What a shame that would have been. Not just because without him Mount Joy is the musical equivalent of a burger without fries, good on it’s own and satisfying in a pinch, but still not a complete meal. Cooper also has a commanding stage presence. Just as Matt Quinn puts all he’s got into his raspy vocals, Cooper puts a healthy dose of emotion into every strum. And it shows. Literally.
So I stood in the middle of this celebratory crowd and fought with the infamously un-photographer friendly lights to get a few decent images. I lost myself somewhere in the collective melancholy of the performance. It was meaningful and connective and sometimes jubilant and often a little rebellious.

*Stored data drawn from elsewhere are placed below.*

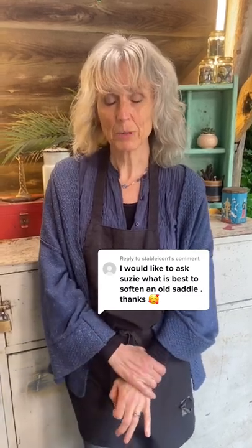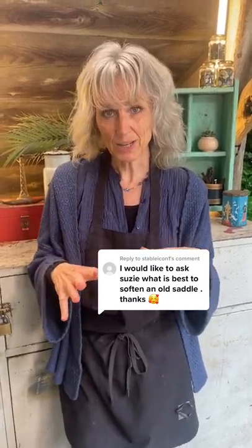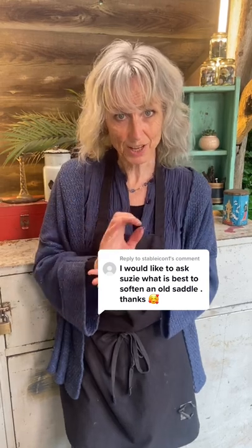The best way to soften an old saddle would be to clean it with a bar of glycerin saddle soap. That will take all that dirt off and help to open the pores of the leather.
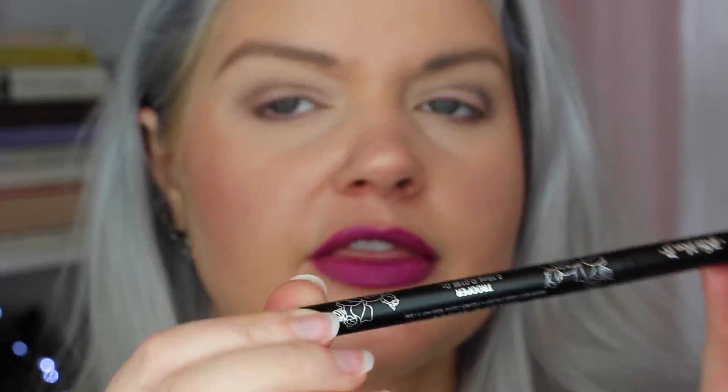For starters, you're going to start with whatever the easiest liquid liner is for you to use. For me, it's the Kat Von D Tattoo Liner. I highly recommend more of a pen or felt tip liner for something like this because you're going to do a lot of detail work.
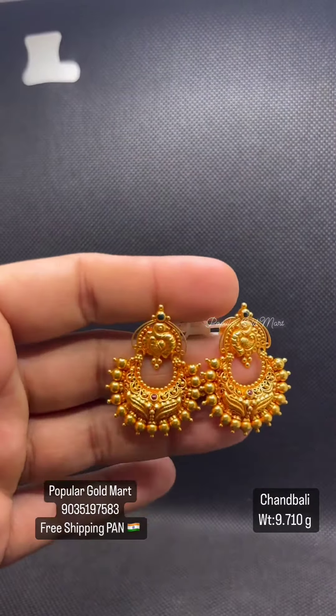Next one is 10.5 grams of Lakshmi. It is 10.5 grams of Ruby Emerald.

Like all shows I cover, it was just what I needed. It pushed me creatively and I found myself thinking about my future in this industry and where I want it to take me. All the avenues I’ve wanted to explore from the beginning and haven’t gotten around to yet.
By the end of the evening I was left sorting through images of musicians soaked in magenta and blue lights. I ended up with my first black and white gallery, something I’ve always shied away from in the past. In all honesty, it wasn’t what I was hoping for, but black and white images force you to focus on composition and exposure.
All in all it was a great night, I’m glad to have two new bands to add to my playlist.